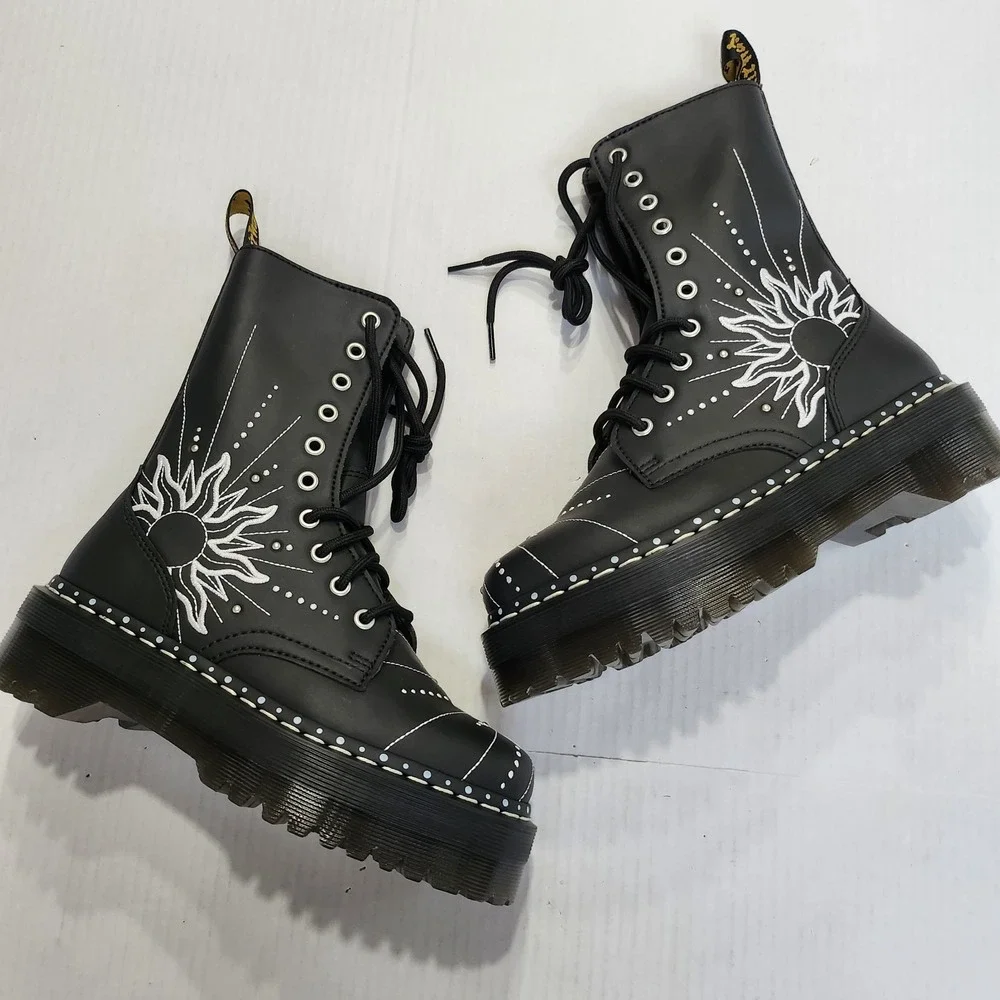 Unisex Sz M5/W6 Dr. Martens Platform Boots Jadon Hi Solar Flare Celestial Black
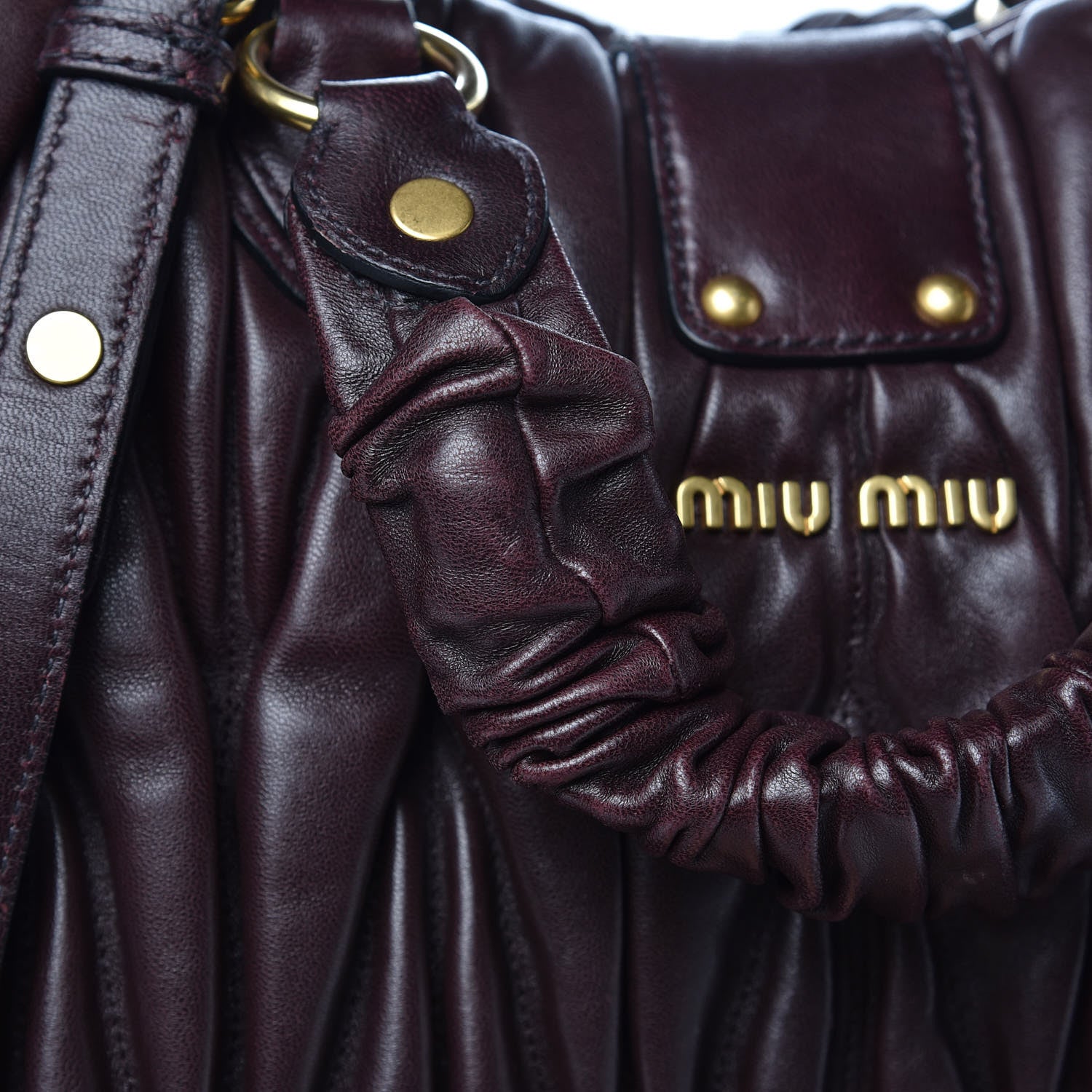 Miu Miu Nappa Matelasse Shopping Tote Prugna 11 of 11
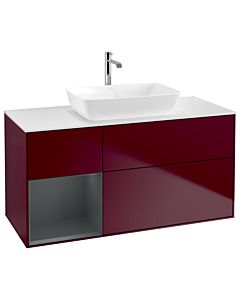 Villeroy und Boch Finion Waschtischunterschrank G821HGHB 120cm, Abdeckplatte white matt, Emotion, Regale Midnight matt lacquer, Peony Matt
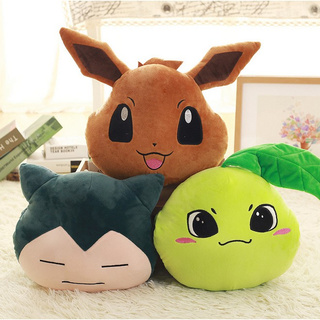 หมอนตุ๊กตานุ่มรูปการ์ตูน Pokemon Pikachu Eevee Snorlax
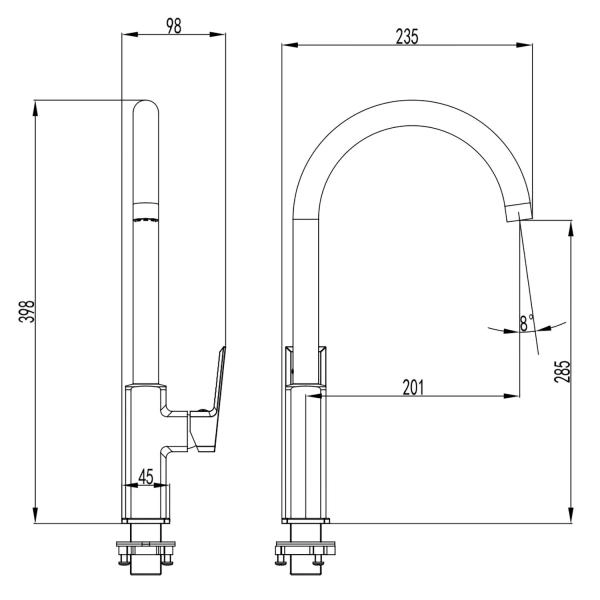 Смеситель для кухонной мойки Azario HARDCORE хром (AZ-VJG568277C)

### What to produce
Reproduce word for word only the lines between the line containing "หมอนตุ๊กตานุ่มรูปการ์ตูน Pokemon Pikachu" and the end of the listing above, both included, and drop any pictures.

### Your response
 หมอนตุ๊กตานุ่มรูปการ์ตูน Pokemon Pikachu Eevee Snorlax
 Смеситель для кухонной мойки Azario HARDCORE хром (AZ-VJG568277C)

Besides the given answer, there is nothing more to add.